Example: 6 bulbs (600W) consume 25A of current.
Formula: Power = Voltage x Current
600W / 24V = 25A

During the test, voltage and current are measured at the terminals every hour.

When to End the Test?

  1. When one cell shows a significantly greater voltage drop.
  2. When the voltage reaches the deep discharge level (20V).
  3. When the test confirms 100% of the nominal capacity (e.g., after 8 hours at 25A current).

If the test was stopped due to point 3, the battery is in good condition. If it was stopped due to deep discharge, check whether it delivered at least 80% of its capacity. If not, the test is considered failed.

Theoretically, if the batteries discharge after 3 hours, and the requirement is for them to last at least one hour, there is no obligation to replace them. However, in practice, we know that such batteries will degrade rapidly, so we recommend replacing them with a new set.

Also, remember that a new battery should never be mixed with an old one. Even if the old battery is only a year old and passes the test, the battery bank must be balanced. This means that their capacity, voltage, and ability to supply current must be the same or at least similar.

GMDSS Equipment Battery Operation Time:

    • At least 1 hour if the ship has an emergency generator ready for immediate start-up and capable of continuous operation for 18 hours. In practice, this means an emergency generator in AUTO mode with a fuel reserve for at least 18 hours of operation.
    • At least 6 hours if the ship does not have a generator or if it cannot be immediately started.

NAVTEX – Automatic Navigational Information System

What is NAVTEX?

NAVTEX (Navigational Telex) is an automatic system for broadcasting navigational, meteorological, and hazard warnings. It is a key component of the GMDSS system, designed for ships operating in coastal areas. NAVTEX devices automatically receive text messages, eliminating the need for continuous monitoring by the crew.

How Does NAVTEX Work?

  • Operating Frequencies: NAVTEX operates on dedicated frequencies, such as 518 kHz (international messages in English) and 490 kHz (local messages in national languages).
  • Message Content: Includes navigational warnings, weather forecasts, SAR (Search and Rescue) alerts, and port information.
  • Range: Covers an area up to 400 nautical miles from the transmitting station.

NAVTEX Functions

  1. Navigational Warnings: Information on obstacles, drifting wrecks, or changes in navigational markings.
  2. Weather Forecasts: Detailed meteorological messages that facilitate route planning and operations.
  3. Operational Efficiency: Automatic reception reduces the crew’s workload, allowing them to focus on other tasks.

Testing NAVTEX

  1. Daily Receiver Check:
    • Ensure that the NAVTEX receiver is turned on and set to the appropriate frequency range.
    • Check whether the latest messages are displayed on the screen or printed out.
  2. Periodic Test:
    • Ensure that the receiver can receive transmissions from all stations for which it has been programmed.
    • Verify the signal quality, check for interference, and perform a test according to the manufacturer’s procedure.
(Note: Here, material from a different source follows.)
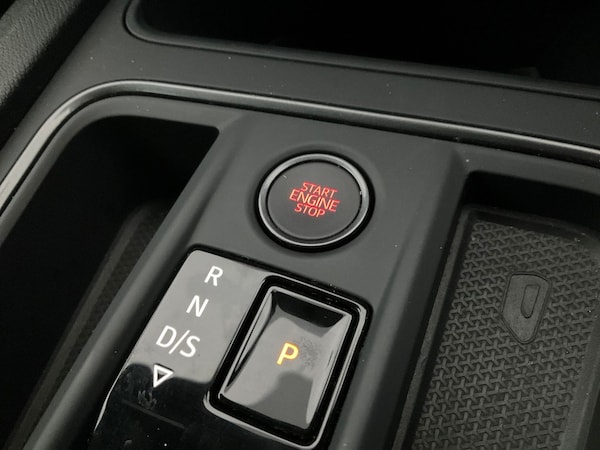 Used Cupra Formentor 2024 for sale - 76274956: Photo 27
When Must NAVTEX Be Equipped with a Printer?

According to RESOLUTION MSC.508(105) (28.04.2022) – PERFORMANCE STANDARDS FOR THE RECEPTION OF MARITIME SAFETY INFORMATION AND SEARCH AND RESCUE RELATED INFORMATION BY MF (NAVTEX) AND HF, reception systems for maritime safety information and search and rescue-related information via MF (NAVTEX) and HF must meet specific performance standards, including requirements for the presentation of received messages.
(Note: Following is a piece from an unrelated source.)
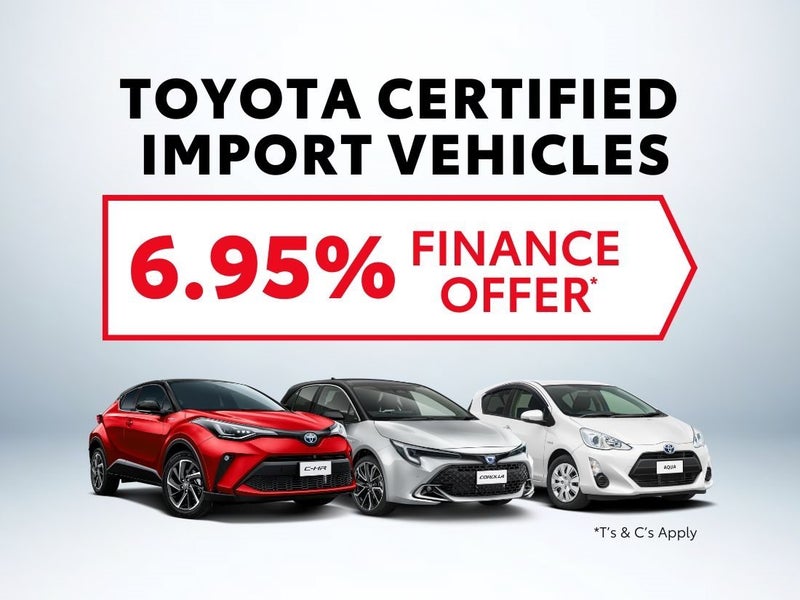2014 Toyota Prius 1.8 Hybrid S Touring G Sport image 2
NAVTEX must have a printer if the only method of presenting received messages is automatic printing (integrated printing device).

When Does NAVTEX Not Require a Printer?

NAVTEX does not need a printer if it meets one of the following conditions:

  1. Has a dedicated display, an output port for connecting a printer, and non-volatile message storage – In this case, all received messages can be viewed on the screen, and a printer can be connected optionally. The display must be located in a place from which the ship is normally navigated.
  2. Is connected to an integrated navigation system and has non-volatile message storage – This means that information is stored digitally and can be viewed on other bridge devices, typically on ECDIS.

Additional Requirements

If the device does not have an integrated printer, it must be equipped with a standard interface for connecting an external printer.

In summary, NAVTEX does not always need to be equipped with a printer, but if it does not have one, it must provide an alternative method for displaying and archiving messages in compliance with MSC.508(105) requirements.

HF-MSI – High-Frequency Maritime Safety Information

What is HF-MSI?

HF-MSI (High-Frequency Maritime Safety Information) is a system for transmitting navigational and meteorological information over long distances, essential for ships operating in open waters beyond the range of NAVTEX. HF-MSI enables the global dissemination of critical messages within the GMDSS framework.

How Does HF-MSI Work?

  • Frequency Range: The system utilizes MF/HF (Medium Frequency and High Frequency) bands for long-distance communication. Typical HF-MSI frequencies range between 4 and 22 MHz.
  • Type of Information: Includes weather forecasts, navigational warnings, hazard information, and SAR alerts.
  • Coverage: Global, ensuring communication between ships and coastal stations in any oceanic region.

Testing HF-MSI

  1. Daily Monitoring:
    • Ensure the HF receiver is turned on and set to the appropriate frequencies.
    • Check the quality of received messages.
  2. Signal Tests:
    • Perform a reception test using a coastal station transmitting test HF messages.
    • Verify signal stability and transmission quality.

Conclusion

The GMDSS (Global Maritime Distress and Safety System) is designed to ensure maritime safety by providing fast and effective communication in emergency situations. Standard GMDSS equipment includes devices such as VHF radios, EPIRBs, SARTs, and NAVTEX. In addition to these core components, several additional accessories significantly enhance the system’s reliability and functionality. These accessories include handheld VHF radios, ITU publications, emergency lighting, chargers, and batteries.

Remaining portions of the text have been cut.